The second part of this talk deals with the finite element approximation of the monolithic Eulerian system that poses several numerical challenges, as the solid and the interface move over mesh lines and the solution is not smooth across the interface. We present accurate discretisation schemes in space and time based on the concept to resolve the interface locally within the discretisation.
Finally, we apply the numerical framework to simulate plaque growth in arteries and to the problem of a bouncing ball including contact with the ground and bouncing down some stairs.
24 October 2017
Speaker: Prof. Demetrios Papageorgiou (Imperial College London)
Title: Nonlinear stability of viscous multilayer flows
Abstract:
Shear flows of immiscible viscous fluids in a stratified arrangement can become linearly unstable even when single phase flows under the same conditions are linearly stable at all Reynolds numbers.
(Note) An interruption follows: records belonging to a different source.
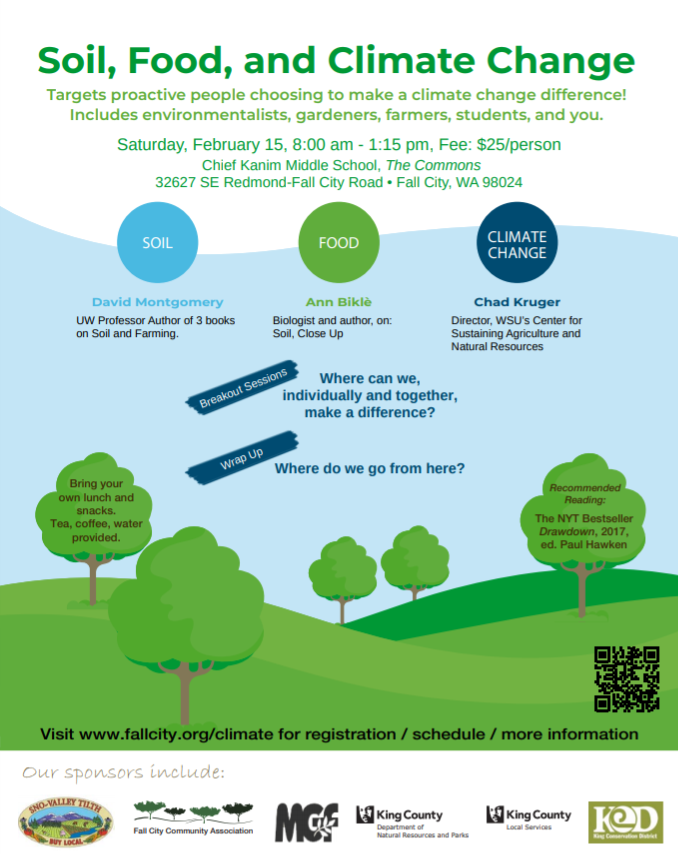 Soil, Food, and Climate Change Workshop – SnoValley Tilth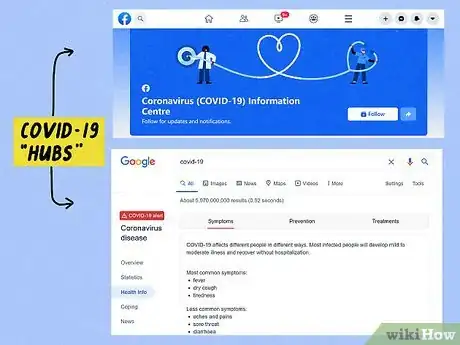 Image titled Find Trusted Advice on Covid 19 Step 2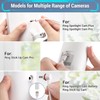 IP65 Solar Panel Outdoor for Ring Cameras (White 2P) Spotlight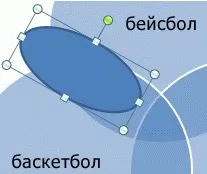 Додавання тексту в частини кіл, що перекриваються, на діаграмі Венна - Служба підтримки Office додавання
A good example is plane Couette and plane Poiseuille flow. When more than one fluid is present a new interfacial mode exists that can be unstable at any non-zero Reynolds number (and in fact even at zero Reynolds number if there are enough layers in the configuration). In this talk I will present nonlinear stability results for both two-layer Couette flow and three-layer Couette-Poiseuille flow. In the former case, a new nonlinear theory will be presented that gives very good agreement with available experiments as well as direct numerical simulations that we have also undertaken. (The theory has also been extended to viscoelastic flows and time permitting a brief summary will be given.) In the second part I will consider three layers so that there are two fluid-fluid interfaces. Asymptotic analysis will be used to derive parameter-free coupled nonlinear evolution equations for the two interfaces. Numerical results will be presented and also a new theory that enables us to predict the nonlinear stability of the flow in the sense that we can identify the structure and initial amplitudes of perturbations that will cause the linearly stable flow to "transition" to non-uniform nonlinear states. The mechanism behind this centres on the form of the nonlinear flux functions of the PDEs and in particular hyperbolic to elliptic transitions in space-time. Even though the theory has been carried out at low or even zero Reynolds numbers, it is equally applicable to inviscid flows found in geophysical and oceanographic applications.
31 October 2017
Speaker: Dr Emilian Parau (University of East Anglia)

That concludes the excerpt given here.